Friends With Big Kids

For a well-balanced life, I find it helpful to have certain types of friends. Responsible friends to keep me grounded, religious friends to remind me to pray, active friends to get me off my ass, and stylish friends to keep me out of mom jeans. Basically, I like to surround with people who have their shit together, as I often do not.

Now that I’m a mom, one of the most valuable friends is the mom with older kids. I have a very close friend who has been this to me from the beginning of my mom journey. We met in college, and she’s still a fantastic drinking buddy. She sent me a nice long list of baby stuff I needed and baby stuff that was a waste of money when I was pregnant with my oldest. She told me not to buy a highchair (waste of space, get a booster seat instead so your baby can sit at the table) and to invest in a good breast pump. She gave me maternity clothes. 

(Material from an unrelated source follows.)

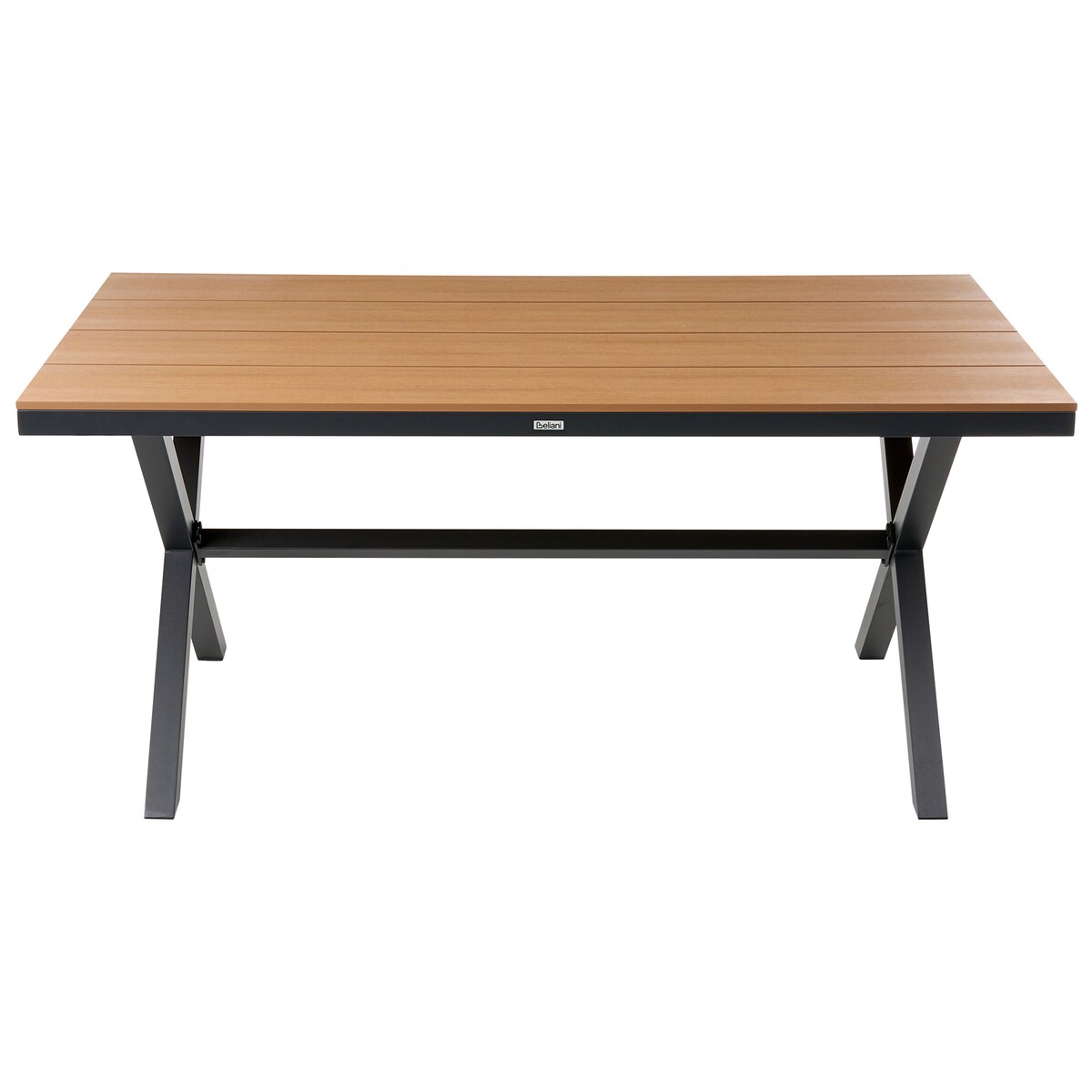 Stół ogrodowy TIANO 160 cm 90 cm Metal Czarny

This friend has given me suggestions about feeding solids, which diapers to use, potty training, transitioning to a big kid bed, how to handle my boy being picked on, and most recently, suggestions on my kindergartner buying hot lunch at school. Since she has both a son and a daughter, she kicks us her kids’ hand-me-downs. Listen up, people! I can not stress this enough. Having a friend with older kids is worth it just for the hand-me-downs.
If you are a mom, or an expectant mom, and you have not yet identified this important friend in your life, begin this search immediately. You’ll want to make sure her parenting style is similar to yours. I couldn’t ask for school lunch suggestions from a mom who is still cutting up her five year old’s grapes any more than someone who forbids television would want my thoughts on flying with kids. Internet searches can yield tons of information, but tips from a friend – someone who knows your kid – can be so much more valuable.

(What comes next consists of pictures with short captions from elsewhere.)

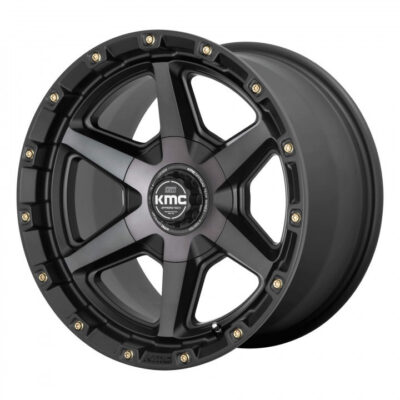 KMC KM101 20" 9J ET0 6x135/6x139,7 Satin Black with Gray Tint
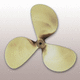 Propeller für Yacht / Fest / Shaft-Drive / 3-Flügel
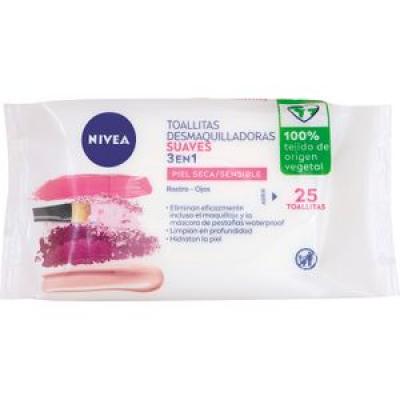 Toallitas Nivea Desmaquillantes Sensible 25u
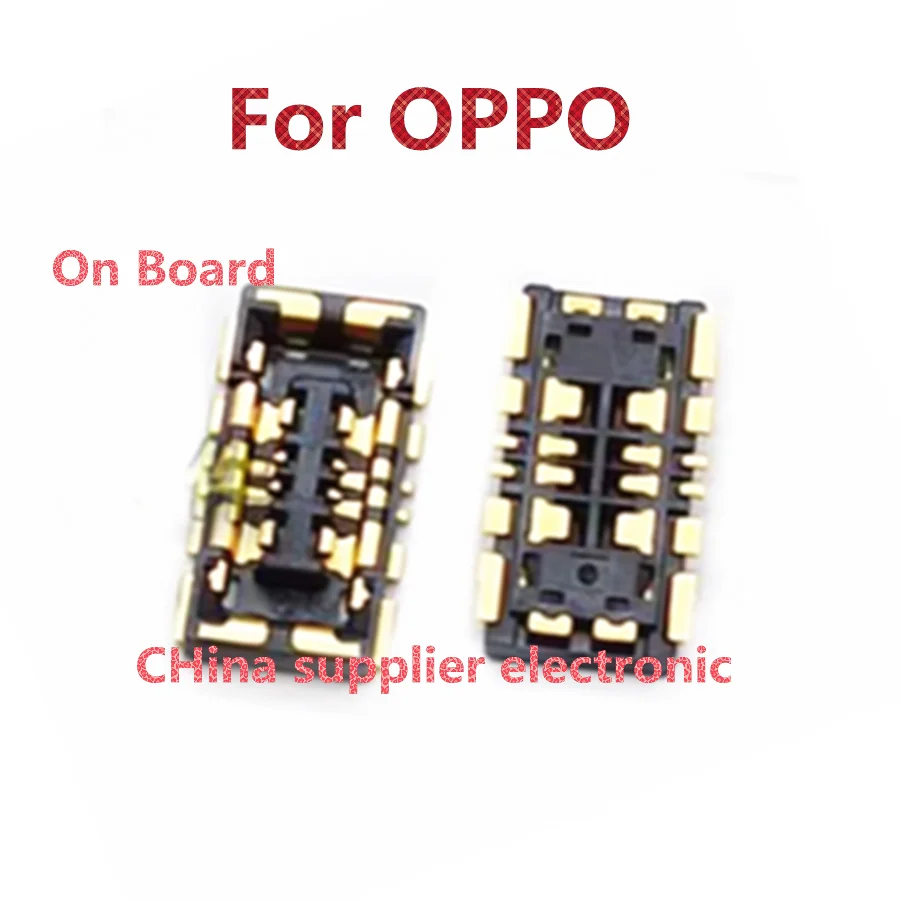 10шт-100шт Для OPPO A32 A52 версии 5G держатель батареи мобильного телефона пряжка для подключения кабеля материнской платы разъем FPC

When looking for that mom with older kids to drain of her parenting knowledge, don’t overlook the original. If you are blessed to have your mother still with you, listen to her advice. If you are also blessed to have a mother that only gives advice when asked, then ask, fool! I am lucky enough to have both a mother and mother-in-law who (mostly) hold their tongues unless I ask for advice, so I have to pick their brains from time to time. I know a few things have changed in the past 30 plus years, but many parenting fundamentals are timeless. 
The best advice I’ve received from that generation is, “Don’t wish the time away.” I was complaining about one of the million things that made me say, “I can’t wait until he can walk (talk, sleep through the night, tell me  how much he appreciates my sacrifices, drive me home from wedding receptions so I can celebrate properly, etc)” and I was reminded gently to enjoy my children as they are. It really changed my perspective, and I hope I can always remember to heed that advice.
I have several friends with big kids that I hit up for free advice. I don’t worry about sounding like an idiot, since they already know how much of a dipshit I can be. I have friends and family members whose parenting I admire, and it would be silly to not take advantage of that. As my kids get older, I am becoming the mom with big kids. I like it.  As you may have noticed, I love to give my opinion on just about anything, so I am happy to do my part and pay that advice forward.